なぜ「全部捨てるDX」は危険なのか?──レガシーシステムに宿る経営の知恵【レガシー侍】

「伝統とは、灰を崇拝することではなく、火を受け継ぐことだ。」
— グスタフ・マーラー
近年、DX(デジタルトランスフォーメーション)やシステム刷新の一環として、既存システムを全面的に置き換える「ゼロリプレース」を選ぶ企業が増えています。
新技術の導入や業務の効率化を目指す姿勢は重要ですが、その一方で、長い時間をかけて築かれてきたシステムや運用には、目には見えない知恵や判断が息づいています。これを無視してしまうと、刷新後に意図せぬ混乱や機能不全を招く可能性があります。
なぜITは過去を捨ててしまうのか?
ITの世界では、「古いものは非効率」「新しいものが最適」という考え方が支配的になりがちです。
特にERPやSaaS導入時の「Fit to Standard(標準への合わせ込み)」は合理的に見えますが、企業が独自に培ってきた判断や業務の流儀を切り捨てる危険性を含んでいます。

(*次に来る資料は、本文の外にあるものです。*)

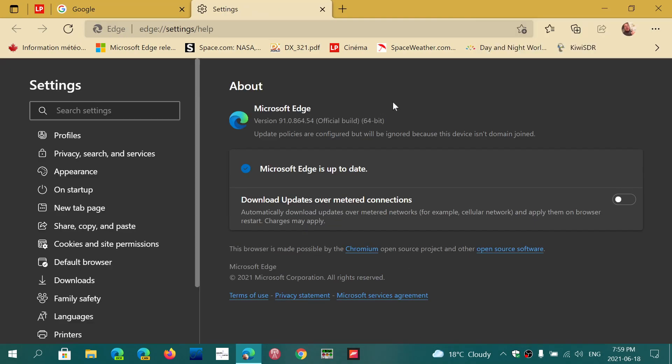This morning when I posted the video, you were at version 91.0.864.53. Now you should be at 91.0.864.54. I looked at Google Chrome just to see if there was anything. It's not updated yet, so I don't know what's going to happen with that.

たしかに業務の標準化やスピード向上には寄与しますが、「なぜこのやり方が生まれたのか」という背景ごと消してしまう危うさがあるのです。
実際の現場には、マニュアルには記されない工夫や例外判断が存在しています。
「この顧客のケースではこう対応する」「この数字には過去の背景がある」──そうした暗黙知は、表に現れないながらも企業の日常を支える重要な基盤です。
一足飛びの刷新が抱える不確かさ
全面的な刷新プロジェクトは、スムーズに見えても、実態は複雑です。
既存システムをすべて捨てて新しくする場合、全仕様を一から定義し直す必要があります。しかし、多くの企業では、現場で培われた判断や例外処理が明文化されていません。そのまま新システムへ移行すると、現場では「使いにくい」「細かな対応ができない」といった声が上がり、結果的にExcelや紙による補助運用が増え、「DXのはずが手作業が増えた」と現場が疲弊するケースも少なくありません。

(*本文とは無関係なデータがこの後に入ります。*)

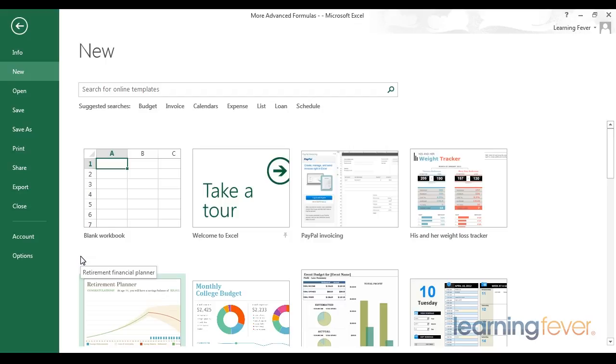At this point, you are now equipped with all of the fundamentals of working with Excel. Being able to tackle pivot tables and VLOOKUPs is no small feat.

刷新とは本来、「古きを否定する行為」ではなく、何を未来へ継承するかを丁寧に見極める営みであるべきです。
破壊ではなく、継承という考え方
モダナイゼーションとは、新旧を断絶させる行為ではなく、これまでの営みの中から価値を見つけ、それを次の仕組みへと 継承するプロセス です。
重要なのは、「何を手放すか」よりも、「どこに本質的な価値が宿っていたのか」を見極め、その価値を未来の仕組みの中に生かす視点です。

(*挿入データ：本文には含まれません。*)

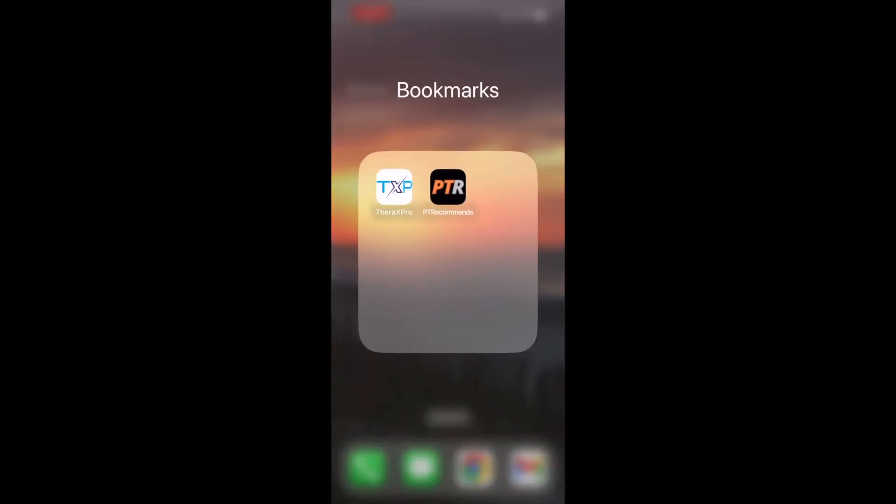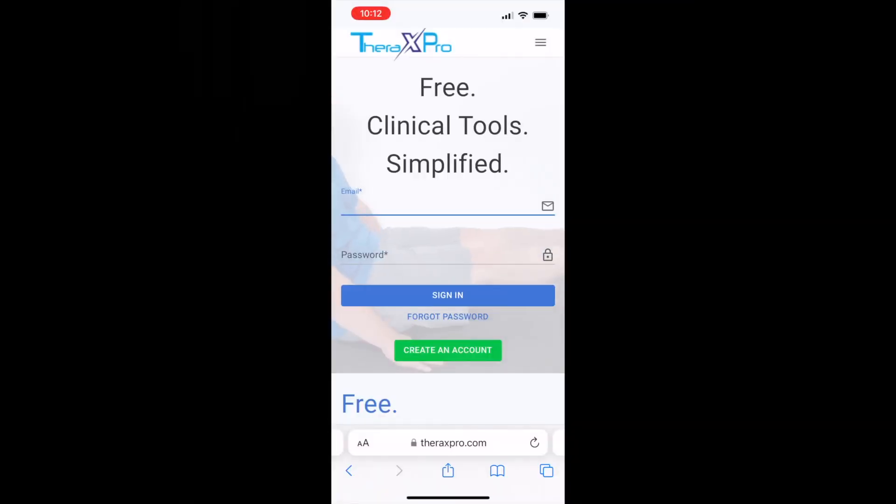Now the Therix Pro icon should appear on your home screen so you can easily access it in the future. We hope you found this video helpful. We'll see you next time.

変革の本質とは、過去を清算するのではなく、過去を素材として未来をかたちづくることにあります。
酒蔵の例に見る“失われた価値”
ある老舗酒蔵は、衛生面と効率向上を目的に、古い蔵を解体し最新設備の工場を建てました。
しかし、酒の味は微妙に変化しました。蔵に長年棲みついていた菌や空気の流れが、酒の風味を形づくっていたのです。
見た目やプロセスを新しくするだけでは再現できないものがある──効率だけでは測れない価値が、確かに存在するのです。
ITにも「継承の文化」を
システム刷新も同様に、“技術だけではないもの”をどう未来へ渡すかを考える視点が重要です。
どの判断が組織を支えてきたのか
どの例外が現場の安全弁となっていたのか
どの不便が、逆に人の知恵を育てていたのか
DXとは、こうした「見えない知恵」を未来の仕組みに翻訳する営みなのです。
おわりに
DXを成功に導く鍵は、「何を新しくするか」ではなく、「何を受け継ぐか」を見極めることです。DXやシステム刷新は、過去を切り捨てるためではなく、新しい未来を築くための活動です。
そのためには、「大胆な刷新」よりも、「確かな継承」を軸に置くことが、結果として企業の強さにつながります。
レガシーに宿る静かな知恵を尊重し、未来へ引き継ぐ──
それは保守ではなく、最も堅実で、最も成熟した変革の姿ではないでしょうか。